Input:
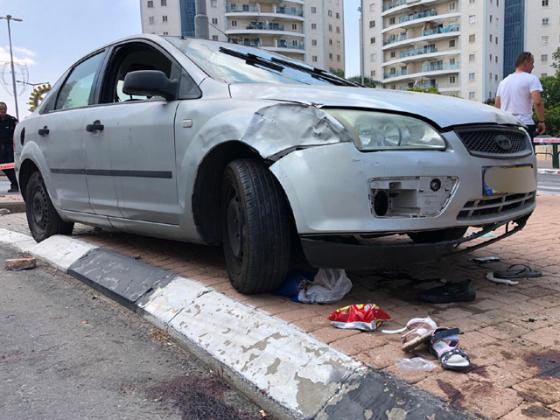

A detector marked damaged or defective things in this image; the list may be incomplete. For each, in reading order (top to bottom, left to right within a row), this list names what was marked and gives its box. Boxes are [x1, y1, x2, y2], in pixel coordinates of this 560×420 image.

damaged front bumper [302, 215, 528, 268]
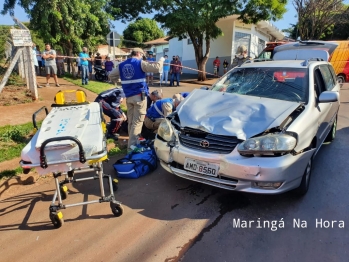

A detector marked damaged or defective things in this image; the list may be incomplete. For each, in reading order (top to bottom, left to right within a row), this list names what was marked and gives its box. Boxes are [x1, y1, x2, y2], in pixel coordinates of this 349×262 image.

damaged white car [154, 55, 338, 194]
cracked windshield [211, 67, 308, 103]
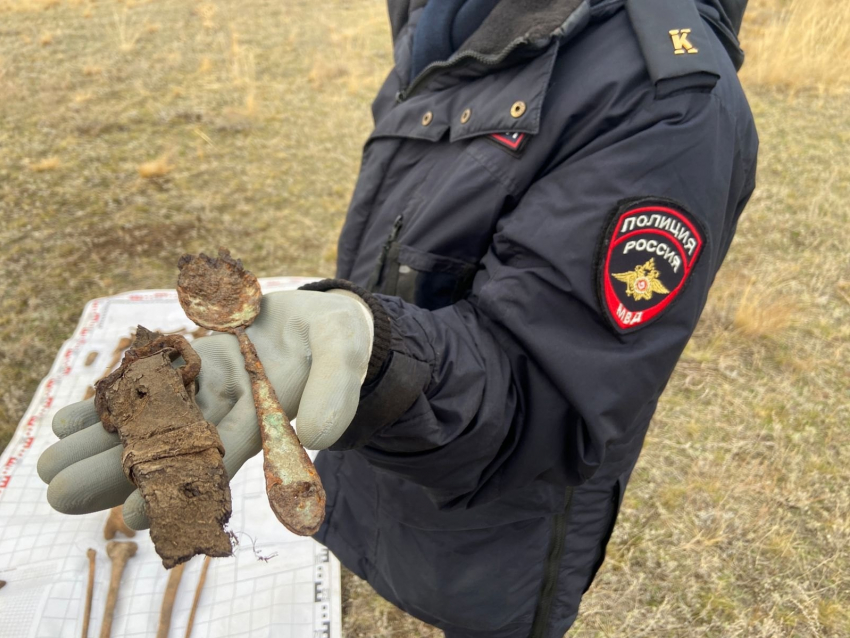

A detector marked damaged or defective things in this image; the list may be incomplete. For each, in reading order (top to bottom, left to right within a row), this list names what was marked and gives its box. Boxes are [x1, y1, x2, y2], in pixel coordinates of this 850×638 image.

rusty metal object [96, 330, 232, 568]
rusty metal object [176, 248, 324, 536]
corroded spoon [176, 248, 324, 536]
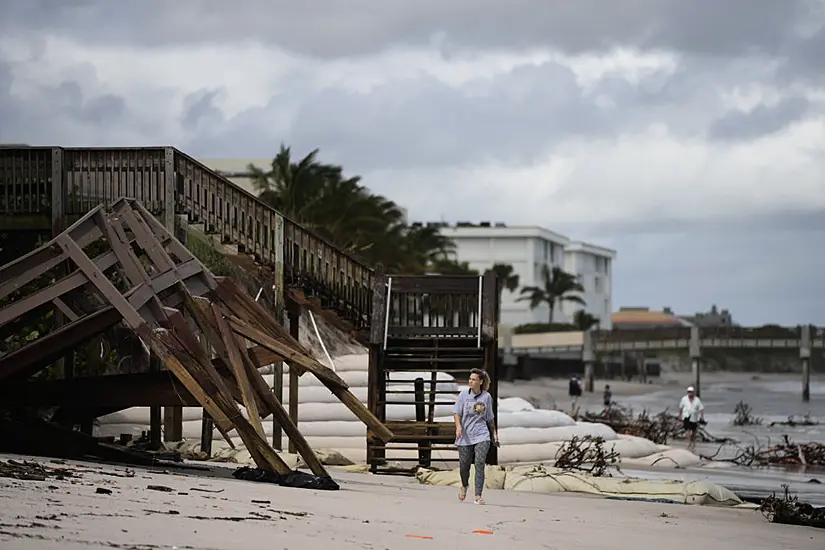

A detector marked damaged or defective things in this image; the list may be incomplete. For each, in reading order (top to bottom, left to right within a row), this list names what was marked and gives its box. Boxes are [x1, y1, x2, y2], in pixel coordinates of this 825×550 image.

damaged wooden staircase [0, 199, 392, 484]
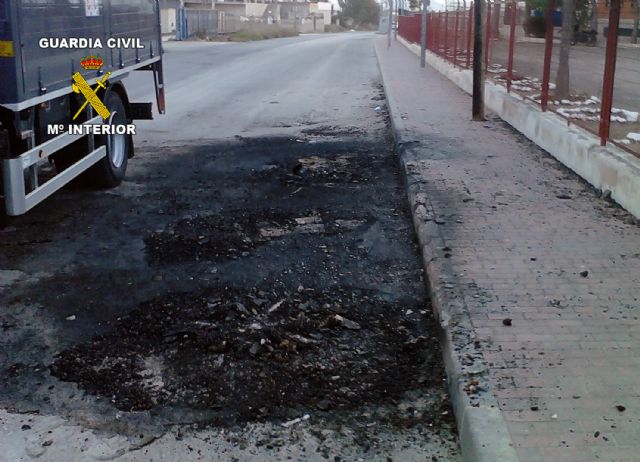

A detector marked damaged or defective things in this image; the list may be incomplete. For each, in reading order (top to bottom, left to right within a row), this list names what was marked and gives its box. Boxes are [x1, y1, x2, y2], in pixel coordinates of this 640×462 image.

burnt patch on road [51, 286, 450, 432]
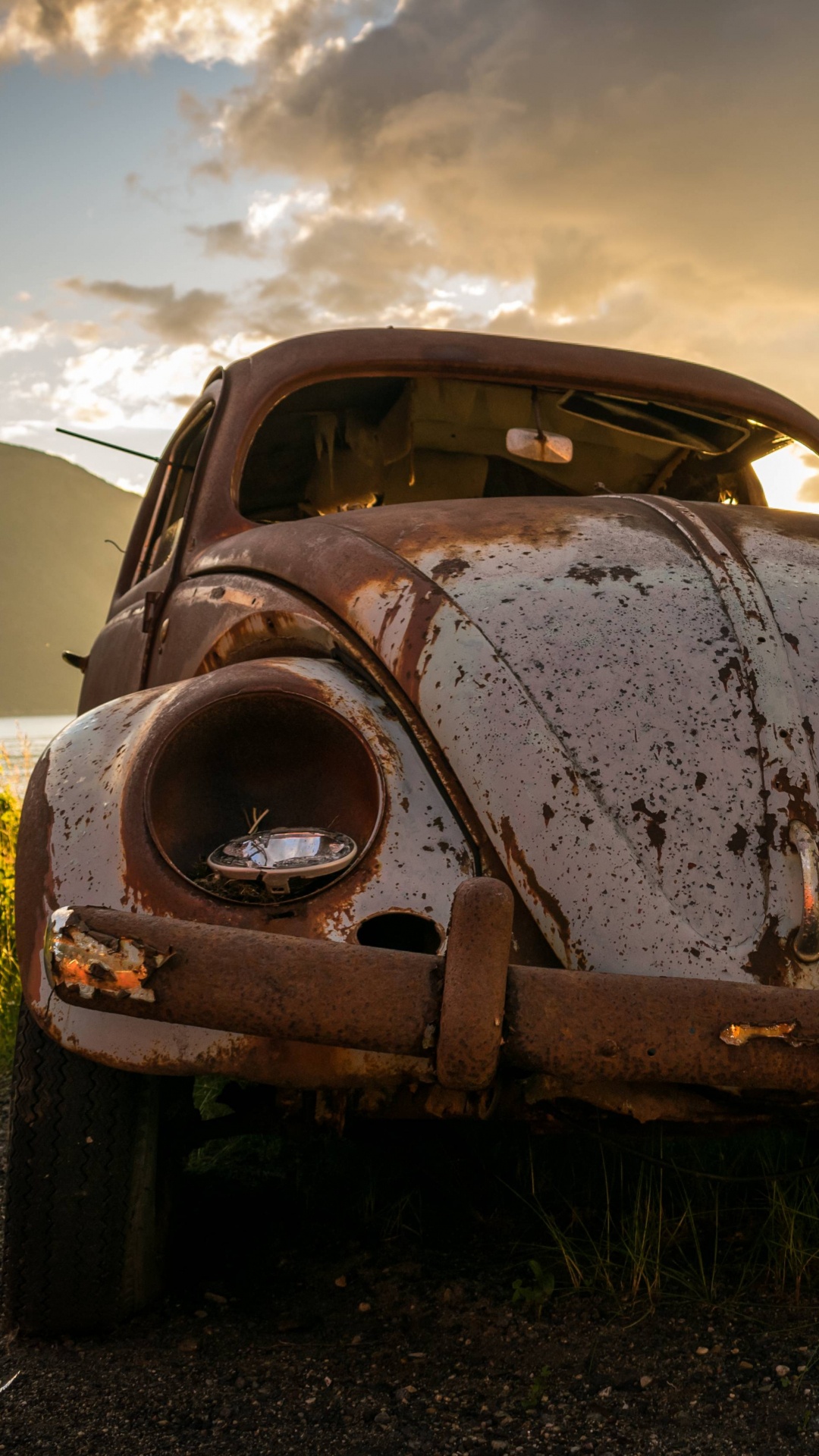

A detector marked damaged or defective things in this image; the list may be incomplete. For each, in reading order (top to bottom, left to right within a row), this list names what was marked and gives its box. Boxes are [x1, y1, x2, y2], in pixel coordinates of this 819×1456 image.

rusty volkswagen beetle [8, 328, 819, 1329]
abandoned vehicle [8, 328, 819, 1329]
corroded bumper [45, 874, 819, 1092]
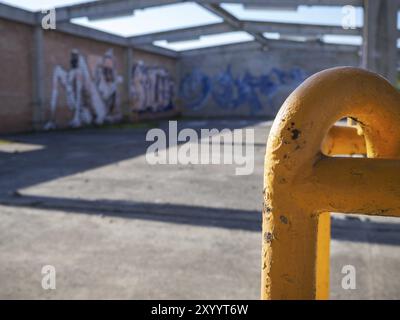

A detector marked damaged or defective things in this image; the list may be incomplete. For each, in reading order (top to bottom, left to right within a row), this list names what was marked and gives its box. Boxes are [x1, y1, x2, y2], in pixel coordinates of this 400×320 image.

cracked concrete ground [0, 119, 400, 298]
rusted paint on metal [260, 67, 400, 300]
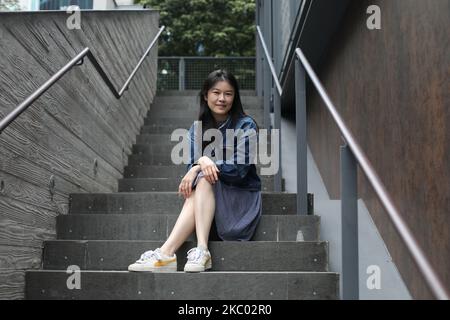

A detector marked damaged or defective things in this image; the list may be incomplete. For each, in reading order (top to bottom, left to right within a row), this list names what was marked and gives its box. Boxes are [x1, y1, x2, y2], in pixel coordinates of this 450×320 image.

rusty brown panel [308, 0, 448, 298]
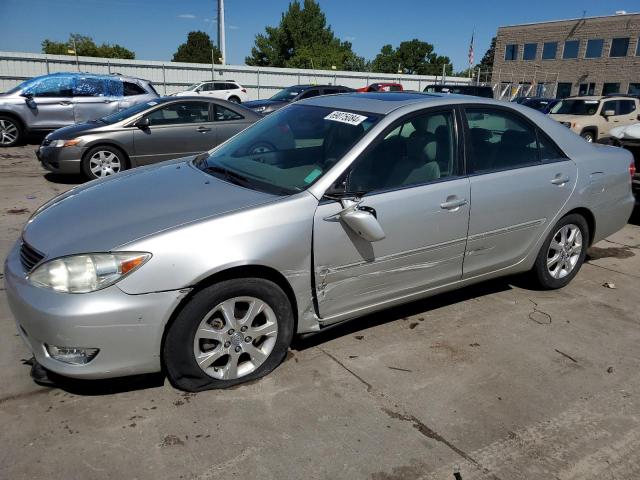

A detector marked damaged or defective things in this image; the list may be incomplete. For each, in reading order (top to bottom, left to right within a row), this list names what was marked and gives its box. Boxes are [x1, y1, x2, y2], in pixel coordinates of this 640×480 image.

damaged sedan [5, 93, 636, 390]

Your goal:
Restate word for word the lines from the one with "this 450×320 image." to the end of the material, both included. Do not include the pictures.

Response to the exercise:
A detector marked damaged or defective things in this image; the list may be incomplete. For each, in reading order (top to bottom, left to right within a row), this list names what was marked and gives its box. Boxes are [x1, y1, x2, y2], in pixel coordinates of this 450×320 image.

rusty brown panel [308, 0, 448, 298]

A detector marked damaged or defective things in this image; the list may be incomplete. For each, in reading order (top to bottom, left to right within a row), this list names what was marked and gives its box. Boxes are [x1, y1, x2, y2], in pixel coordinates of this 640×480 image.

damaged sedan [5, 93, 636, 390]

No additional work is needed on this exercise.